In our unanchored scenario, the comparative treatment effect (\(\Delta\)) is simply the difference between the MAIC-adjusted mean outcome of Drug A and the published mean outcome of Drug B.

View the code
# Point Estimate
treatment_effect <- mean_y_A_maic - mean_y_B_published
cat("Point Estimate of Treatment Effect (A vs B): ", treatment_effect, "\n")
Point Estimate of Treatment Effect (A vs B):  2.370661 

6.2 Quantifying Uncertainty via Bootstrapping

We cannot use standard t-test formulas to calculate the standard error of this treatment effect because the weights themselves are random variables estimated from the data.

In real-world HTA submissions, practitioners use Bootstrapping to calculate the 95% Confidence Interval. This involves repeatedly resampling the IPD data with replacement, recalculating the MAIC weights each time, and generating a distribution of the treatment effect.

Here is a minimal demonstration of the bootstrapping workflow (using 100 iterations for speed, though 2000+ is standard in practice):

View the code
n_boot <- 100
boot_effects <- numeric(n_boot)

for (b in 1:n_boot) {
    # Step A: Resample IPD with replacement
    boot_idx <- sample(1:N_A, size = N_A, replace = TRUE)
    df_A_boot <- df_A[boot_idx, ]

    # Step B: Recalculate weights (using our custom optim approach)
    X_boot <- as.matrix(df_A_boot$age_centered)
    opt_boot <- optim(par = 0, fn = obj_fn, gr = grad_fn, X = X_boot, method = "BFGS")
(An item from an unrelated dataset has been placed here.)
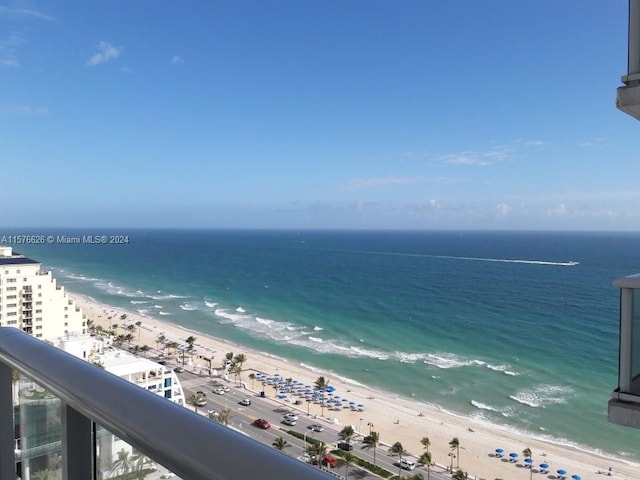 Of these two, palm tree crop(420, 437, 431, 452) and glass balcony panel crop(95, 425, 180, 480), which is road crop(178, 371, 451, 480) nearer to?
palm tree crop(420, 437, 431, 452)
    w_boot <- exp(X_boot %*% opt_boot$par)
    w_boot <- w_boot / sum(w_boot) * N_A

    # Step C: Calculate weighted outcome for A and the Delta
    mean_y_A_boot <- sum(df_A_boot$y * w_boot) / sum(w_boot)
    boot_effects[b] <- mean_y_A_boot - mean_y_B_published
}

# Calculate 95% CI from percentiles
ci_lower <- quantile(boot_effects, 0.025)
ci_upper <- quantile(boot_effects, 0.975)
se_boot <- sd(boot_effects)
cat("Bootstrapped SE: ", se_boot, "\n")
Bootstrapped SE:  0.2711255 
View the code
cat("Bootstrapped 95% CI: [", ci_lower, ", ", ci_upper, "]\n")
Bootstrapped 95% CI: [ 1.822798 ,  2.895264 ]

6.3 Final Results

With the point estimate and the bootstrapped standard error, we can now present the complete MAIC indirect comparison results as they would appear in an HTA dossier:

Metric Estimate 95% CI Lower 95% CI Upper
Naive Difference 7.12 N/A N/A
MAIC Adjusted Difference 2.37 1.82 2.9

7 Sensitivity Analysis in MAIC

HTA agencies (such as NICE) rarely accept a single MAIC result. Because the method relies on the unverified assumption that all effect modifiers have been accounted for, rigorous sensitivity analyses are mandatory:

  1. Covariate Selection Scenarios: Modellers must present results using different sets of matching covariates:
    • Base Case: Matching only on covariates agreed upon in the Statistical Analysis Plan (SAP) or clinical consensus.
    • Scenario A: Adding borderline prognostic factors.
    • Scenario B: Dropping covariates with high missingness.
  2. Matching Higher Moments: Standard MAIC matches the means (first moment). Sensitivity analysis involves matching both the means and the variances (second moment, by including squared terms of covariates in the matching algorithm) to ensure the distribution shapes are comparable.
  3. The Bias-Variance Trade-off Curve: As more covariates are added to the matching algorithm, bias decreases but the weights become more extreme, causing the ESS to plummet (variance inflates). Presenting a curve of Treatment Effect vs. ESS helps reviewers judge the robustness of the matching strategy.